Unlike other “true” all-metal hip implants—which have been subject to recalls and serious consumer health risks—the ABGII and Rejuvenate design replaced the cobalt and chromium ball with a ceramic ball, and the one piece neck and stem with a two-piece design. These design changes were believed to have produced a safer, longer-lasting hip device. Surgeons were able to choose from a variety of stem and neck components of different lengths and angles, allowing them to custom-fit the hip device to the individual patient’s body type and level of activity. Unfortunately, the neck-stem taper junction, designed to allow more freedom of movement for the patient, turned out to be a primary source of wear and corrosion.

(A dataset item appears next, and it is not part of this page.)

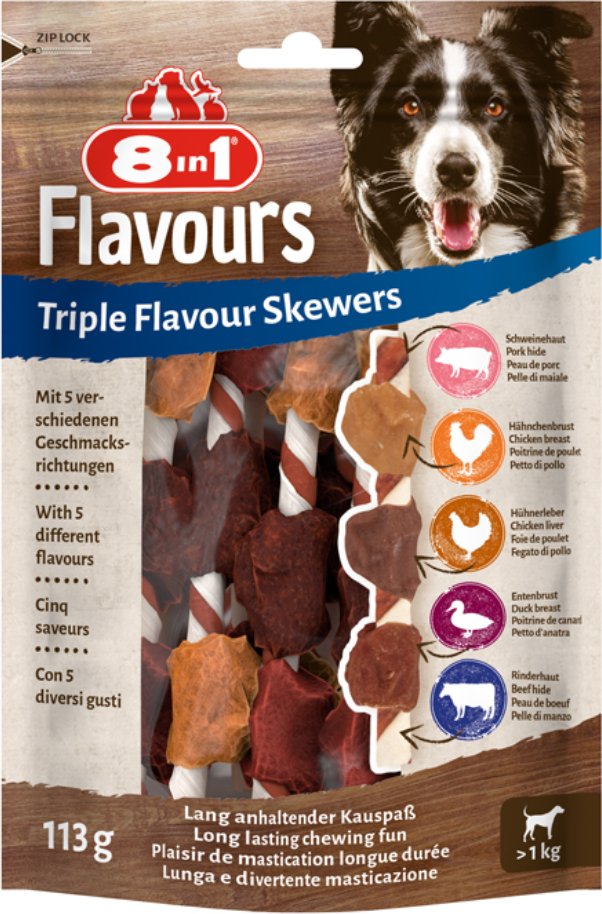 8in1 Triple Flavour Skewers - Sparpaket: 3 x 113 g (18 Stück)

In the recall notification, Stryker stated a higher-than-normal risk of fretting, corrosion, and the release of metal ion debris into the body. When taken together, these risks resulted in hip implants failing within 2-5years rather than the expected 15-20. Metal ions landing in hip tissue can cause inflammation, chronic pain, tissue degradation and bone loss, eventually leading to failure of the implant and the necessity of revision surgery. Those metal ions which make their way to the bloodstream can cause a variety of very serious health issues such as:
· Neurological and cardiovascular disorders
· Renal and thyroid problems
· Diminishment or loss of hearing and vision
· Irritability, anxiety, depression
· Reproductive disorders
· Gastrointestinal problems
· Skin rashes
· Vertigo
· Short-term memory loss
· Chronic headaches
· Pseudo-tumor development
· Disruption of DNA
Stryker reported second-quarter 2013 net earnings down 35%, and third-quarter earnings down 70%, due to the pending recall lawsuits. Mediation is underway for over 400 lawsuits consolidated in January in a New Jersey state court while hundreds more lawsuits have been centralized in the District of Minnesota. U.S. District Judge Donovan Frank will hear the Minnesota lawsuits with discovery sharing minimizing the time necessary to hear all the cases. It is expected that more lawsuits will be filed as victims of the Stryker recall become aware of the statute of limitations. Stryker Corp. acknowledges that latest estimate could increase, depending on the actual number of patients who end up seeking testing, treatment and revision surgery as well as the number of lawsuits ultimately filed. Both medical and legal assistance could be beneficial for those consumers who received a recalled Rejuvenate or ABGII hip implant.